- Problem requirements:
Any picture in the data below should be skipped, while every line is repeated exactly.

━━ Data extract ━━

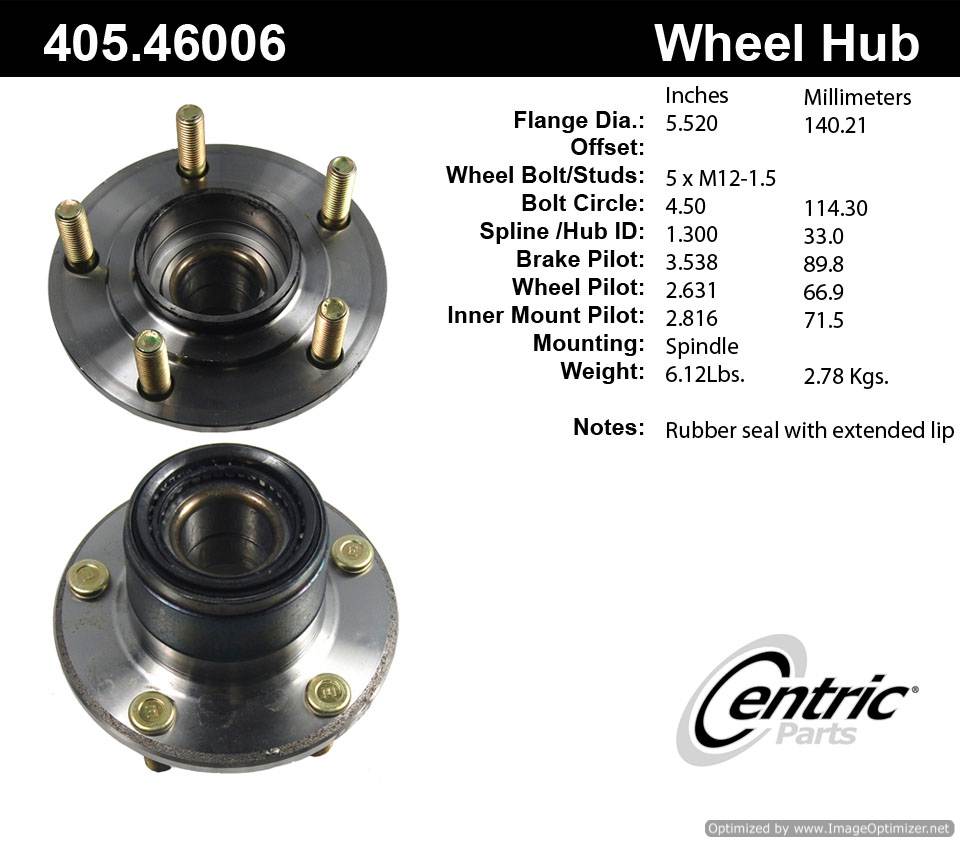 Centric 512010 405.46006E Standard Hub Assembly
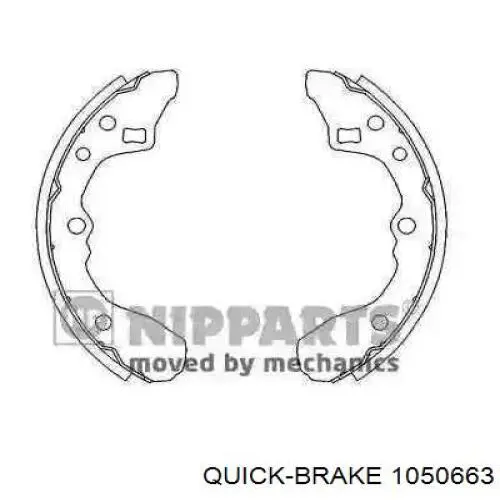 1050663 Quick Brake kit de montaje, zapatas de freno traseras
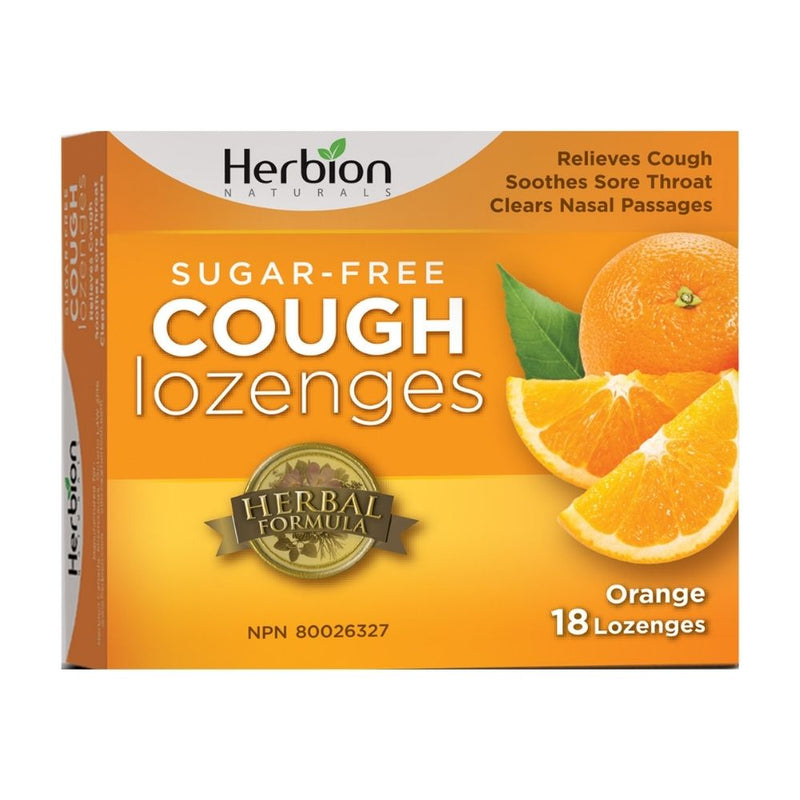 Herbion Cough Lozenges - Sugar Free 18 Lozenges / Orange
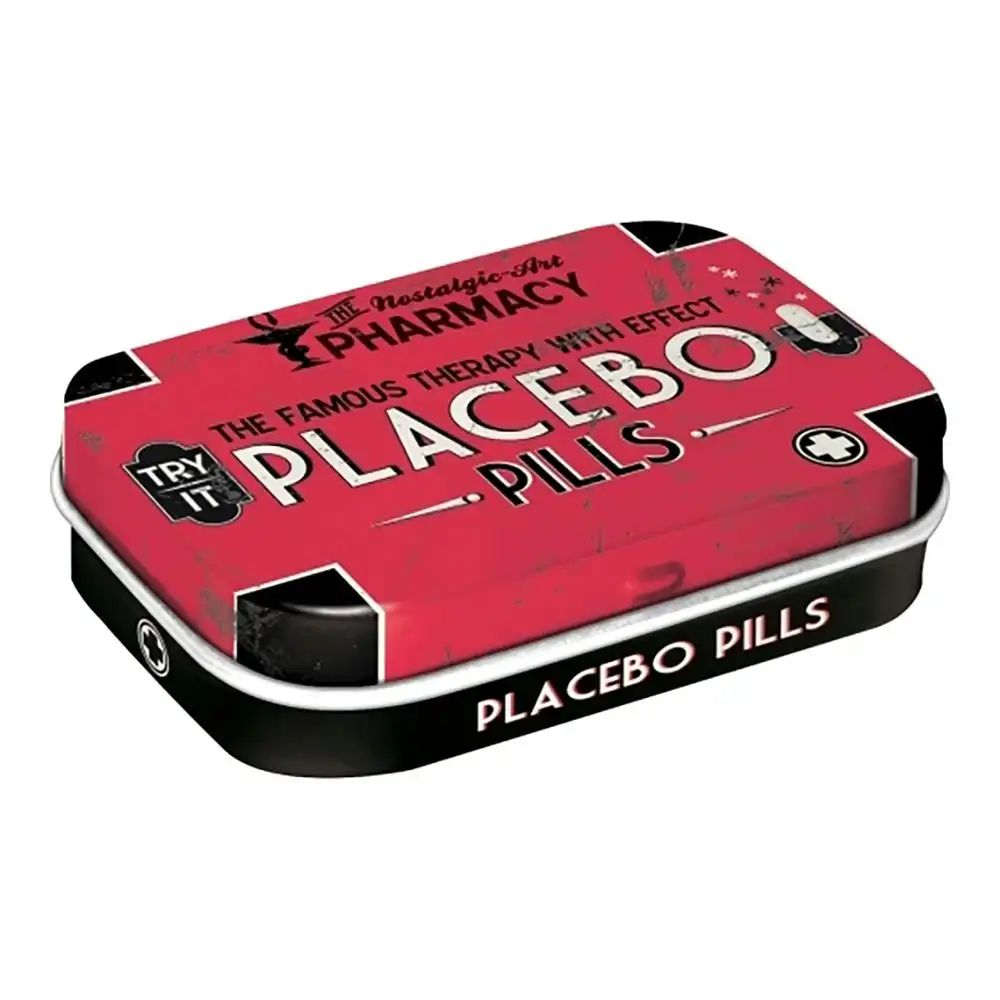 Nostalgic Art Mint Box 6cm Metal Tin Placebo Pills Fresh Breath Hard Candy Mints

━━━

- Solution:
 Centric 512010 405.46006E Standard Hub Assembly
 1050663 Quick Brake kit de montaje, zapatas de freno traseras
 Herbion Cough Lozenges - Sugar Free 18 Lozenges / Orange
 Nostalgic Art Mint Box 6cm Metal Tin Placebo Pills Fresh Breath Hard Candy Mints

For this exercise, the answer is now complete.